- _MATERIALS PROVIDED_
---+---

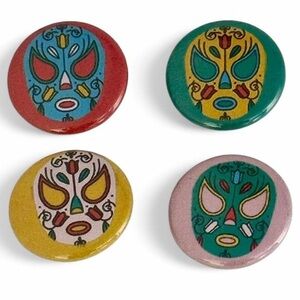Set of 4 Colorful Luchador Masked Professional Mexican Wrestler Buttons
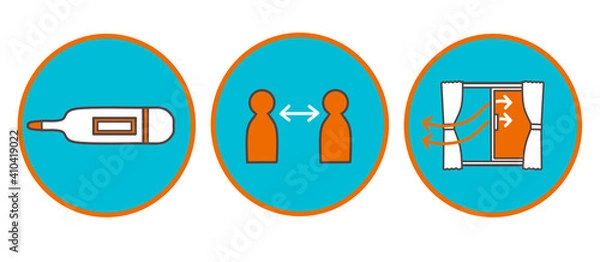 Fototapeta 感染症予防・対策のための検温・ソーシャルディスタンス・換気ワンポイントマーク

---+---

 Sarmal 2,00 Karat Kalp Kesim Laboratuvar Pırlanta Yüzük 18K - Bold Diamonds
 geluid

---+---

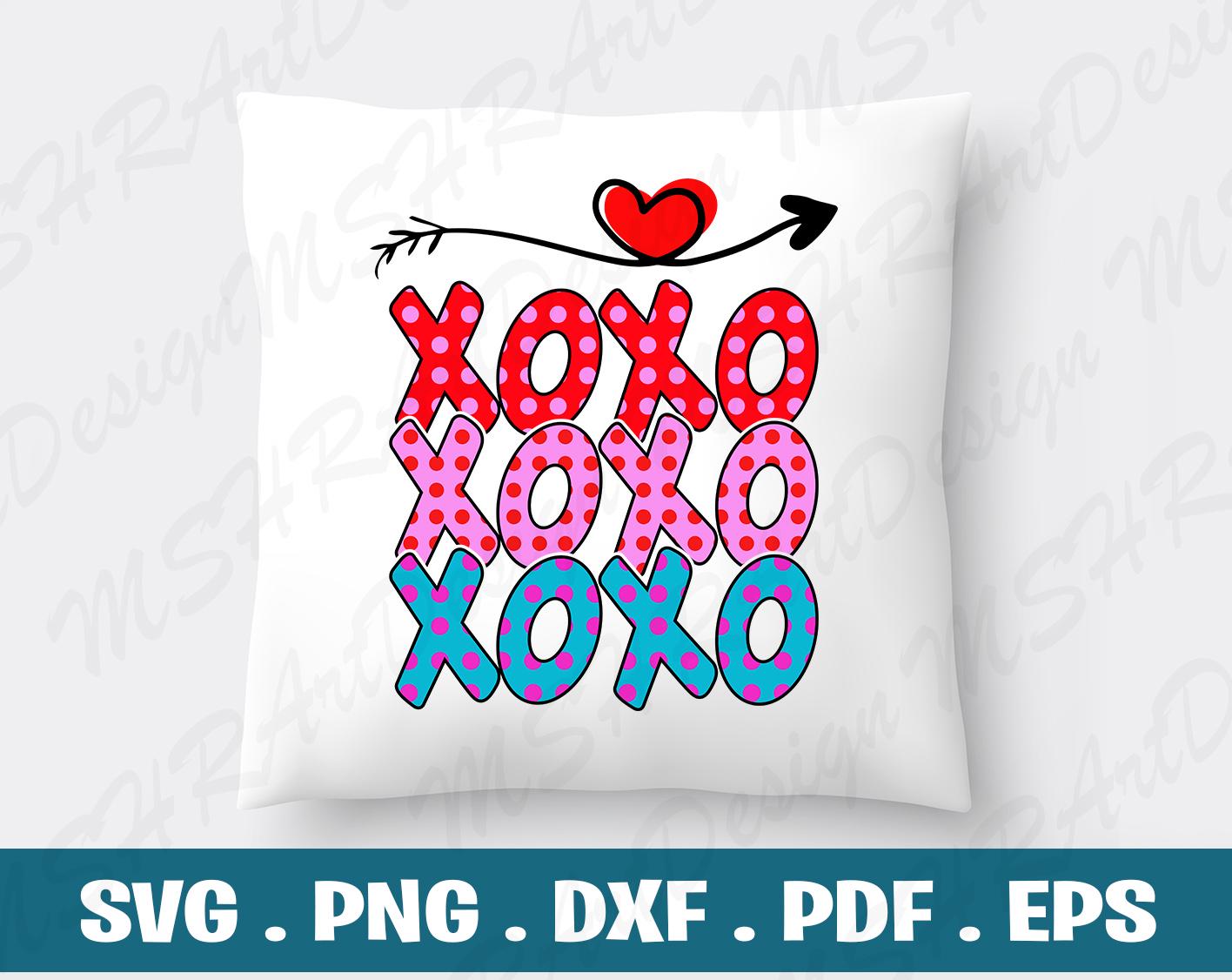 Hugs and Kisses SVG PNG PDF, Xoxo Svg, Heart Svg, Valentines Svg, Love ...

---+---

- _EXERCISE DIRECTIONS_
Within the material above, find the part that opens with the line containing "Set of 4 Colorful" and closes with the line containing "Fototapeta 感染症", and reproduce it exactly without the pictures.

- _SOLUTION_
Set of 4 Colorful Luchador Masked Professional Mexican Wrestler Buttons
 Fototapeta 感染症予防・対策のための検温・ソーシャルディスタンス・換気ワンポイントマーク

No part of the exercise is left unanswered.